Lorsqu’un partenaire commercial propose un contrat de partenariat déjà rédigé, le cocontractant vérifiera notamment le point suivant pour s’engager en connaissance de cause.

Obligation de moyens ou de résultat : vérifier les formulations !

Au moment de rédiger le contrat de partenariat commercial, les parties décrivent précisément leurs obligations respectives. La loi distingue obligation de moyens et obligation de résultat :

  • L’obligation de moyens oblige le contractant à mettre tous les moyens en œuvre pour remplir son obligation. Si le résultat n’est pas atteint, l’autre partie devra prouver que tous les moyens n’ont pas été mis en œuvre.
  • L’obligation de résultat oblige à atteindre le résultat. A défaut, le contractant défaillant peut être soumis au paiement de dommages et intérêts au motif de l’inexécution contractuelle – sauf à prouver la force majeure.

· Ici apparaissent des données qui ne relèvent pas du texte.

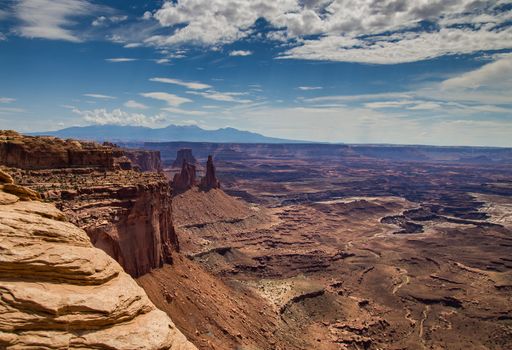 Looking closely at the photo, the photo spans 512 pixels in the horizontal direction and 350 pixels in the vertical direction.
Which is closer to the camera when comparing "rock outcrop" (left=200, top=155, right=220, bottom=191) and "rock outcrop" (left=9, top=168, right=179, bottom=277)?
"rock outcrop" (left=9, top=168, right=179, bottom=277)

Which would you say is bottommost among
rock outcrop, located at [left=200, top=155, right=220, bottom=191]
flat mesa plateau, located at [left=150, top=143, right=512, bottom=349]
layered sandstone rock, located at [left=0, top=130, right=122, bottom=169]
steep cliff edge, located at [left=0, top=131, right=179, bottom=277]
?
flat mesa plateau, located at [left=150, top=143, right=512, bottom=349]

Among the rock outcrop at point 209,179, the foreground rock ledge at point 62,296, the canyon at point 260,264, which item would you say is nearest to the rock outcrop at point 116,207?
the canyon at point 260,264

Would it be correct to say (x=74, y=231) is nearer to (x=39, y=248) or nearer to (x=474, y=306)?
(x=39, y=248)

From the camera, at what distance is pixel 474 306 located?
243 feet

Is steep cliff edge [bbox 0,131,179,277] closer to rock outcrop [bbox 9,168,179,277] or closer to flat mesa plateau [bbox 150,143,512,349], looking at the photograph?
rock outcrop [bbox 9,168,179,277]

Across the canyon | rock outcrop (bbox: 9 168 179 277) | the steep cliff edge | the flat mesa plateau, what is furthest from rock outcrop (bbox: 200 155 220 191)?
rock outcrop (bbox: 9 168 179 277)

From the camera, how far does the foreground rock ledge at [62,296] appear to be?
12914mm

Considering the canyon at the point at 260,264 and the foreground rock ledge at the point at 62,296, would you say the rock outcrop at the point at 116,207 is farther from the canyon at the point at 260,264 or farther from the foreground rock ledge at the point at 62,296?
the foreground rock ledge at the point at 62,296

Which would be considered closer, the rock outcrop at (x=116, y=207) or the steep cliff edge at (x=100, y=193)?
the rock outcrop at (x=116, y=207)

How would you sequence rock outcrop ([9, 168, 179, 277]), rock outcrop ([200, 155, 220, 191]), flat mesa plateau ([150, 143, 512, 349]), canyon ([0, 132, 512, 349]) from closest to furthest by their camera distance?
rock outcrop ([9, 168, 179, 277]) < canyon ([0, 132, 512, 349]) < flat mesa plateau ([150, 143, 512, 349]) < rock outcrop ([200, 155, 220, 191])

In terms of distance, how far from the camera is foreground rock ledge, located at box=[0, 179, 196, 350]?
1291 centimetres

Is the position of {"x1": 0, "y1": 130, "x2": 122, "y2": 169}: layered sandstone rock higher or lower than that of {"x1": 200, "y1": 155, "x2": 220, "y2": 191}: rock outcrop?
higher

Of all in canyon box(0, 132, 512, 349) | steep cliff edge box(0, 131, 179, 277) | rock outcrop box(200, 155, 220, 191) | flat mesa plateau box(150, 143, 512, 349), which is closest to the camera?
steep cliff edge box(0, 131, 179, 277)

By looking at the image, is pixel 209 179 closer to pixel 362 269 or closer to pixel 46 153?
pixel 362 269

Lorsque le résultat ne peut être garanti, le partenaire commercial veillera au moment de signer son contrat que ses obligations doivent être mises en œuvre « par tous moyens ».

Exemple : un partenaire A peut s’engager à mettre tous les moyens en œuvre pour améliorer l’image de l’entreprise B auprès d’une clientèle senior. Le résultat en revanche, ne peut être garanti sans risque : A veillera à rédiger son contrat de partenariat commercial de manière à s’engager à une obligation de moyens.